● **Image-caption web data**
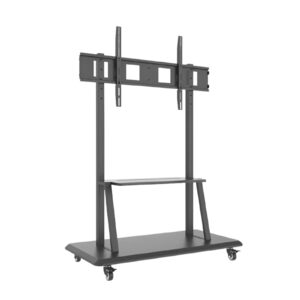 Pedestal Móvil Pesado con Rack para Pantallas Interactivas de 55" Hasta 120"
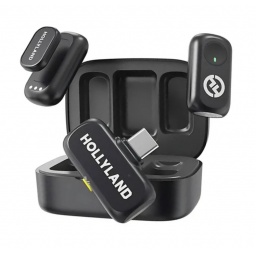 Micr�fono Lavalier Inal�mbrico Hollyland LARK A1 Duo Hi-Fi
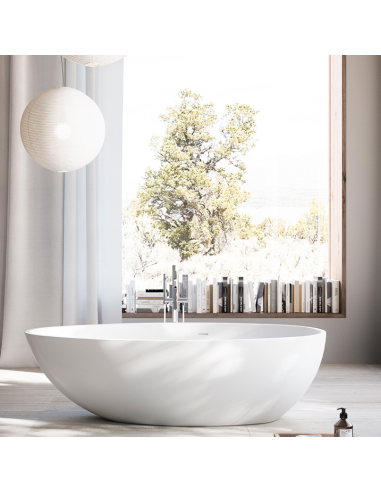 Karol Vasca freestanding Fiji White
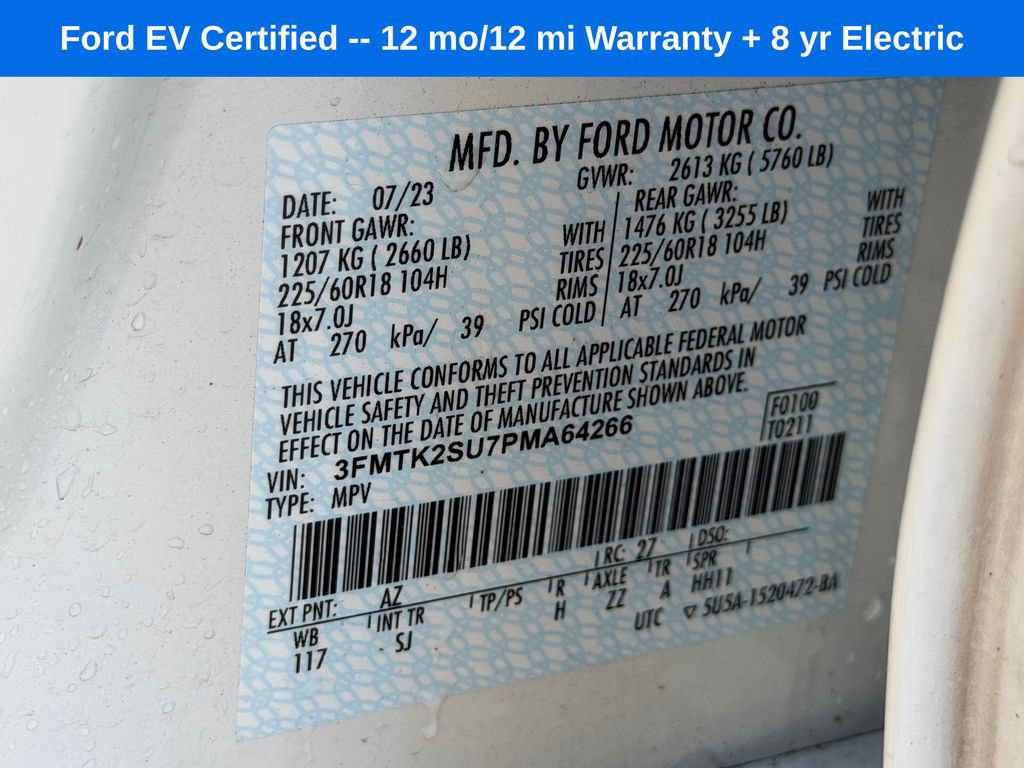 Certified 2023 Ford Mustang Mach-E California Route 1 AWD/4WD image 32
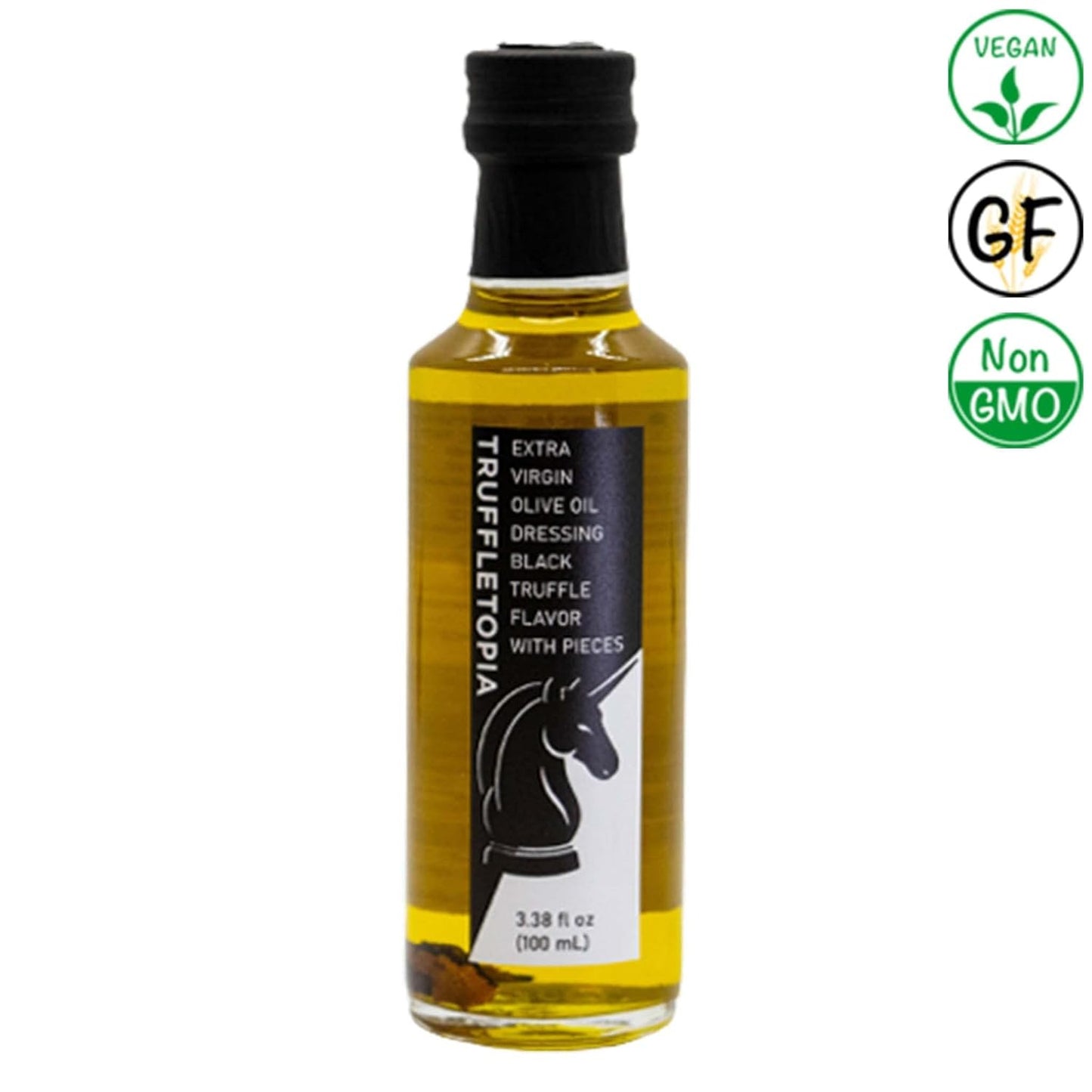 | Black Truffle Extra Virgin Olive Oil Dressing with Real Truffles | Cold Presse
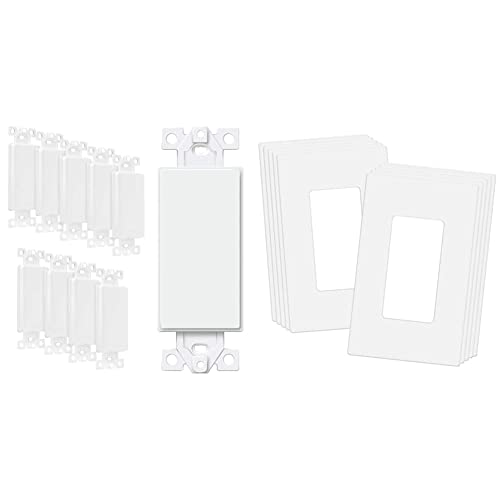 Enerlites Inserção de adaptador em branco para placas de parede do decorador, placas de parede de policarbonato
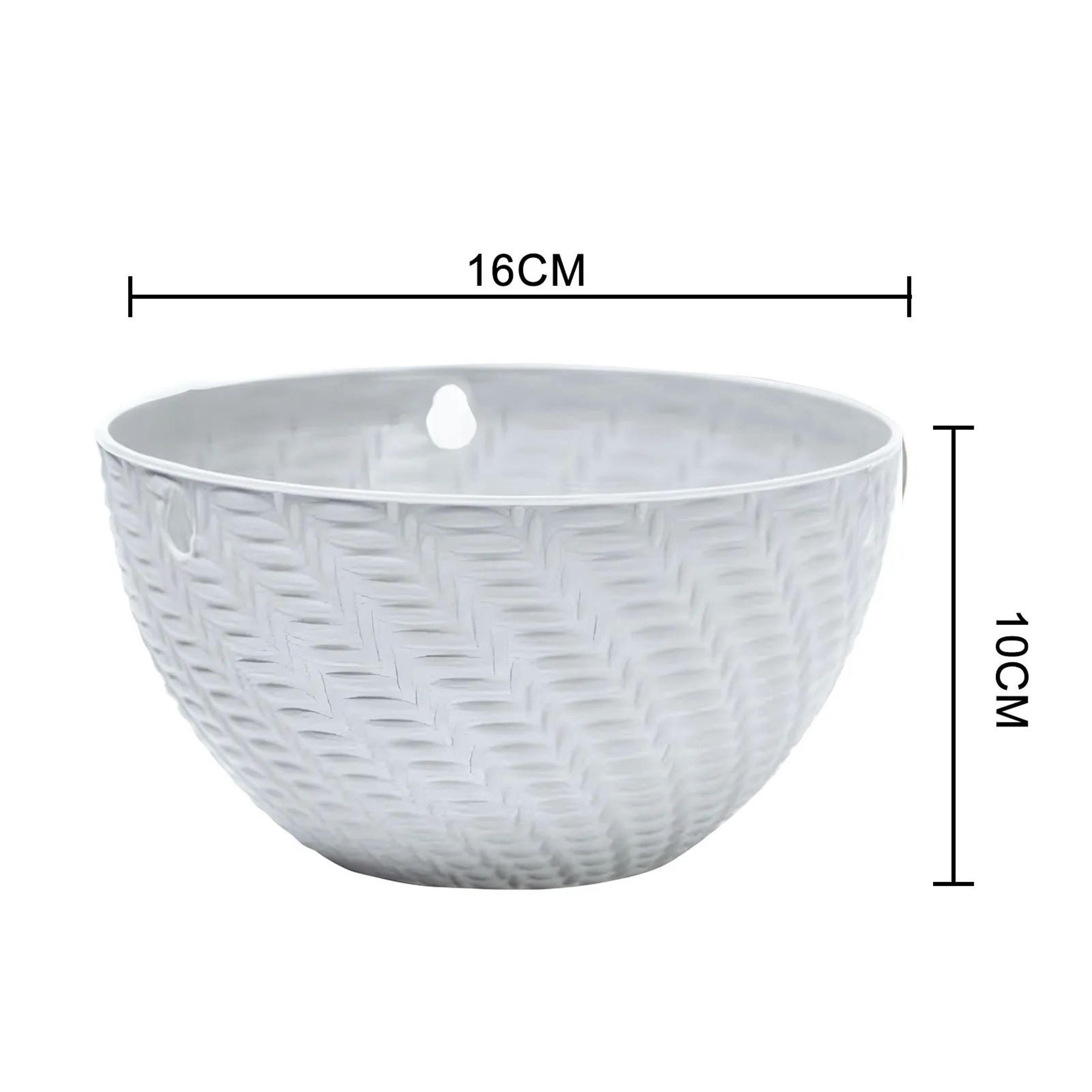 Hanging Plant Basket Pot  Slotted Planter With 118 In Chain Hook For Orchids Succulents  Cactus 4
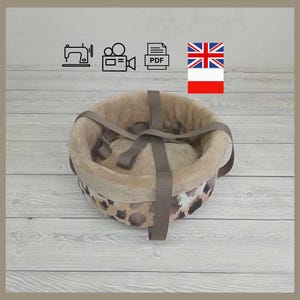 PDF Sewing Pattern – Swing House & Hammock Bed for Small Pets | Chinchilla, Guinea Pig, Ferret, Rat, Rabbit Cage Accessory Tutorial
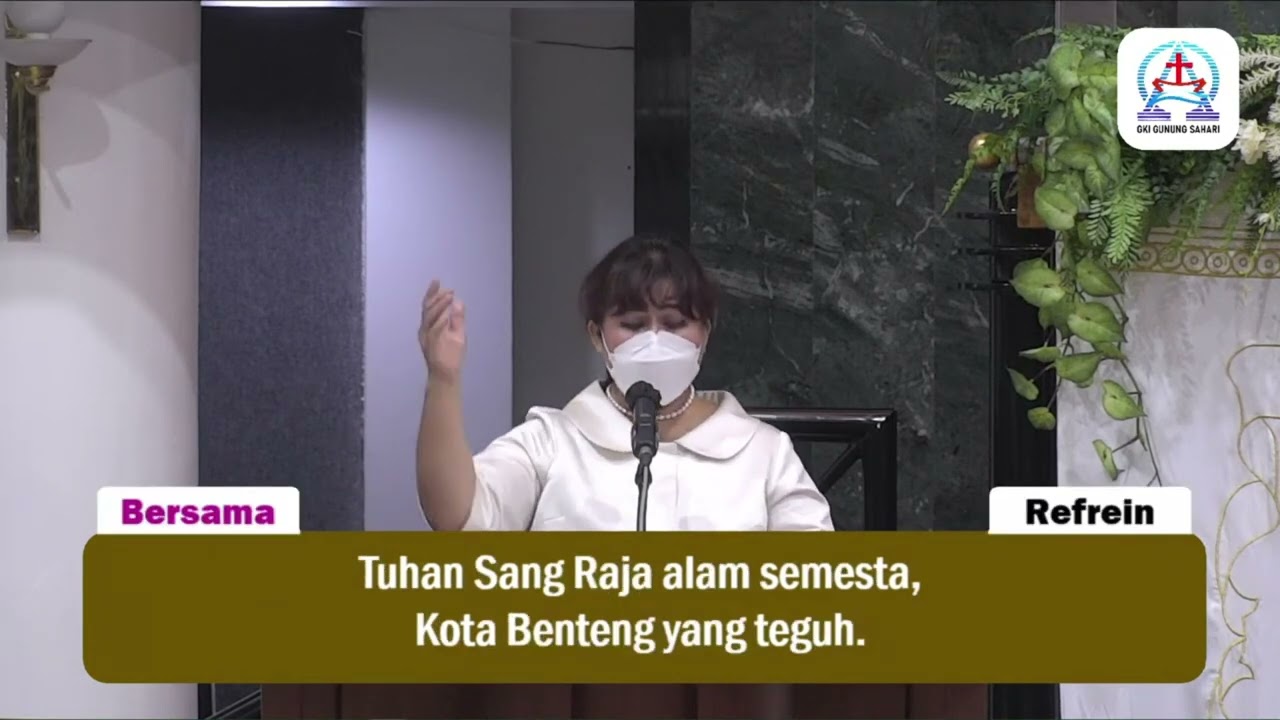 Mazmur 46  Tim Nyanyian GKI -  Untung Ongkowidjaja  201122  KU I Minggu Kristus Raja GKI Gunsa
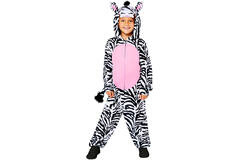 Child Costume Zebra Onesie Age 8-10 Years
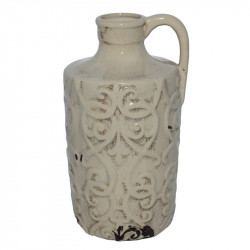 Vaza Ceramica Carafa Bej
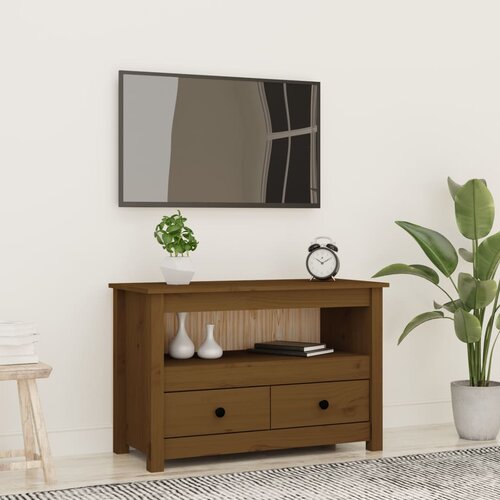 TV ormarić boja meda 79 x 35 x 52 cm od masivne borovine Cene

● **PROBLEM TO SOLVE**
Repeat each line above exactly as it reads, omitting any pictures.

● **EXERCISE RESPONSE**
 Pedestal Móvil Pesado con Rack para Pantallas Interactivas de 55" Hasta 120"
 Micr�fono Lavalier Inal�mbrico Hollyland LARK A1 Duo Hi-Fi
 Karol Vasca freestanding Fiji White
 Certified 2023 Ford Mustang Mach-E California Route 1 AWD/4WD image 32
 | Black Truffle Extra Virgin Olive Oil Dressing with Real Truffles | Cold Presse
 Enerlites Inserção de adaptador em branco para placas de parede do decorador, placas de parede de policarbonato
 Hanging Plant Basket Pot  Slotted Planter With 118 In Chain Hook For Orchids Succulents  Cactus 4
 PDF Sewing Pattern – Swing House & Hammock Bed for Small Pets | Chinchilla, Guinea Pig, Ferret, Rat, Rabbit Cage Accessory Tutorial
 Mazmur 46  Tim Nyanyian GKI -  Untung Ongkowidjaja  201122  KU I Minggu Kristus Raja GKI Gunsa
 Child Costume Zebra Onesie Age 8-10 Years
 Vaza Ceramica Carafa Bej
 TV ormarić boja meda 79 x 35 x 52 cm od masivne borovine Cene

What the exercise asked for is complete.